Volume of anion and comparison

Question

Recently, I came across a book in which I was solving the exercises and found out that the solution to a question says that the fluoride ion, $\ce{F^-}$, is smaller in size than the hydride ion, $\ce{H-}$.

As far I know, the hydrogen has only one shell in contrast to fluorine. Addition of a electron to hydrogen adds a electron to the 1s orbital and thus to the first shell. Similarly in fluorine, the electron is added to the 2p orbital and therefore to the same shell.

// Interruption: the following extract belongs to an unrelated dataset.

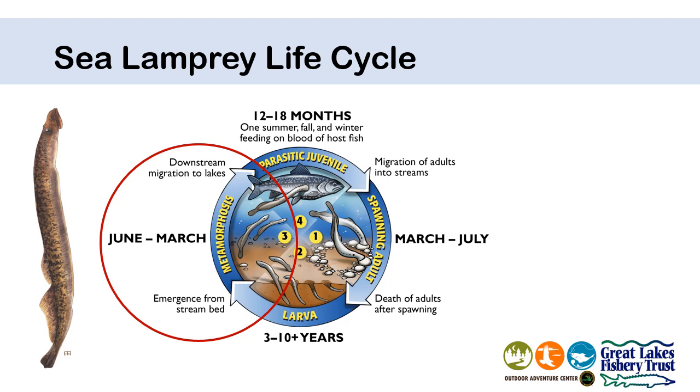After lamprey are done being a larva, they come out of the sediment and they go through a metamorphosis. You've probably learned about this process with animals like butterflies and frogs - lamprey do something like that too. Their body changes to the form with the suction cup mouth and inward curling teeth that we saw on our OAC lamprey. This happens between June of one year and March the next year, so over about 10 months.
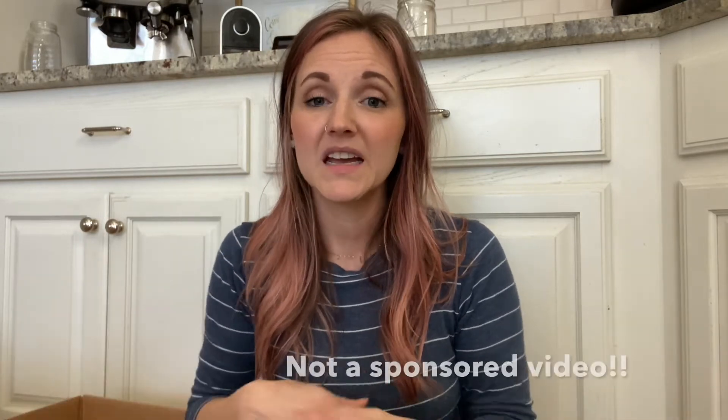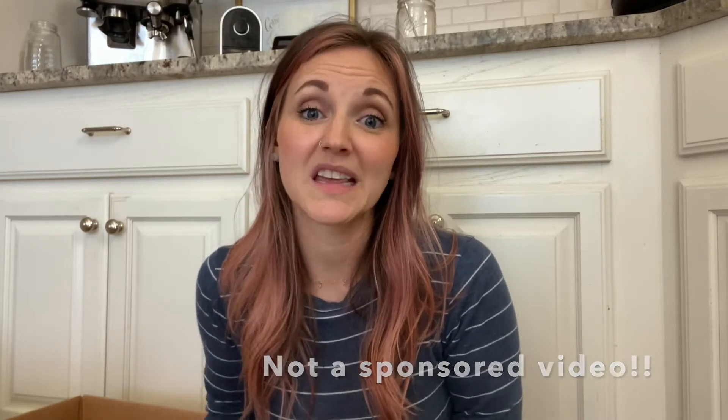This isn't in any way, shape, or form a paid or sponsored video. I just really, really love it and I just want to share, because I wish somebody would have shared with me what all I could get from Azure Standard. It has made our lives a ton easier as far as sourcing really great-priced, healthy ingredients.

Anions are a bit bigger than their parent atom, and there is some serious electron repulsion, but how can such a repulsion make the hydride ion bigger than the fluoride ion, given that the fluoride ion also faces some repulsion within itself. Are there some other factors - or is the fact which I reported is very wrong?

Answer 1

The quick answer to which ion, $\ce{H-}$ or $\ce{F-}$, is bigger is "it depends". The general reasoning behind the claimed fact the hydride anion is larger than the fluoride anion typically comes down to charge density. In $\ce{H-}$, there are two electrons for the one proton, giving it a charge ratio of 2, while in $\ce{F-}$, there are ten electrons and nine protons for a charge ratio of roughly 1.1. The significantly higher charge ratio of hydride leads to a much more diffuse orbital, and a potentially larger ionic radius.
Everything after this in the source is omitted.